[Problem to work on]:
What's wanted here is the full listing below, repeated exactly, with no images in it.
(Given information Opens)
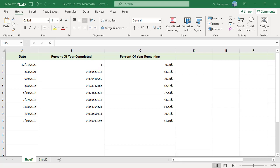When building Excel reports and dashboards, sometimes we need to calculate the percent of the year that is completed and what percent remains. If you need to calculate the percent completed in a year based on a given date, use this formula.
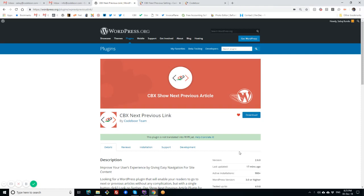Hi welcome, this is Shabush from CodeBoxer. Today I'm going to show CBX Next Previous Link or CBX Next Previous Article plugin for WordPress. I'll show the basic or core plugin, the free version, how to use it, how it works, and what can be done using this plugin.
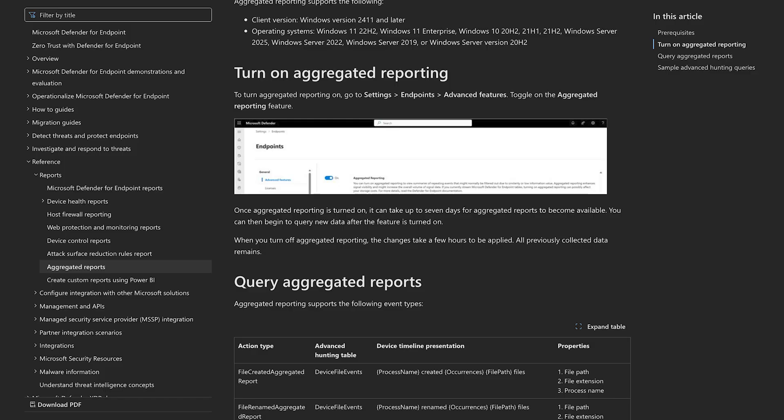So how does it look? Is this a new tab somewhere? Do we need to turn it on? To turn it on, you need to go to Settings, Endpoint, Advanced Features, and then toggle on the aggregated reporting feature. You can then toggle it off — we provide full independent onboarding and offboarding to this feature. It looks pretty similar to any other event we provide today. It is fully integrated into device timeline and advanced hunting.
(Given information Closes)
[Task response]:
When building Excel reports and dashboards, sometimes we need to calculate the percent of the year that is completed and what percent remains. If you need to calculate the percent completed in a year based on a given date, use this formula.
Hi welcome, this is Shabush from CodeBoxer. Today I'm going to show CBX Next Previous Link or CBX Next Previous Article plugin for WordPress. I'll show the basic or core plugin, the free version, how to use it, how it works, and what can be done using this plugin.
So how does it look? Is this a new tab somewhere? Do we need to turn it on? To turn it on, you need to go to Settings, Endpoint, Advanced Features, and then toggle on the aggregated reporting feature. You can then toggle it off — we provide full independent onboarding and offboarding to this feature. It looks pretty similar to any other event we provide today. It is fully integrated into device timeline and advanced hunting.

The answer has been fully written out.